Please let me know if you have any suggestions on where else to look for visual references to the design, or how best to explore its origins. Also, would it be accurate to assume that a coat of arms would have been given or awarded or authorized for a service that had been performed, or would there be another reason? As noted in an earlier post, I am very new to all this.
Given the likely Swiss origins of the coat of arms, I've tried looking through Rietstap's
Armorial Général, with some 120,000 coats of arms from all over Europe, but while he lists a number of Robert's, none of them match your coat of arms here. Of the closest ones, one (from Languedoc) has a single chevron with
two stars above it and a rose beneath it, while the other (to a Roberti from Flanders, dated 1652) has two chevrons with two stars above it and a lion's head beneath it. (And the colors in both instances are different from yours.)
I'm not sure of the best places to continue the search from here. There are very few Swiss armorials available in any form for us to look in.
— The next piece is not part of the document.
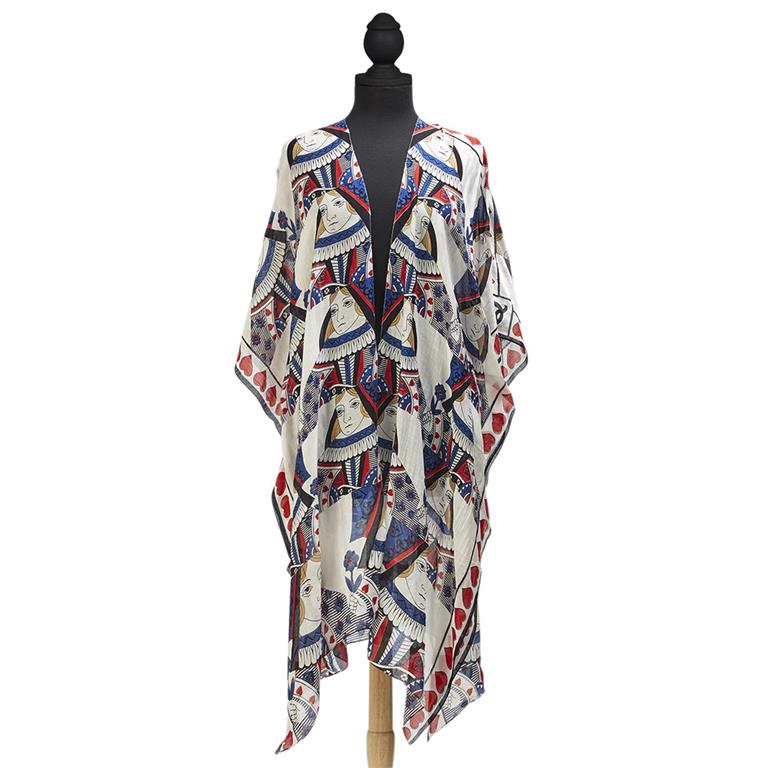 Queen of Hearts Kimono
As for the reason for having the coat of arms, while in many countries they are granted for various kinds of service, in many other instances they are simply self-assumed; that is to say, the person using the arms just started using them. This can be especially true in countries, like Switzerland, where there was no granting authority (such as the English College of Arms) or crowned head to give such coats. In other instances, as still happens today unfortunately, a person may go to a painter or artist and ask for a drawing of their "family coat of arms," and receive a drawing of a coat of arm with their surname attached to it, but which may not belong to their family line at all, but only to another family with the same (or a similar) surname). This sort of "bucket shop heraldry" has been going on for centuries. (I've researched instances of this in early 18th Century New England, for example.)
So the bottom line, I'm afraid, is that until we can know more about the origins of the coat of arms itself, it's very difficult to say why, or even whether, it was granted or awarded.
I'm sorry that I haven't been of greater help to you in tracking down this coat of arms. If you have any additional questions, or if I can be of further assistance to you, please don't hesitate to ask here.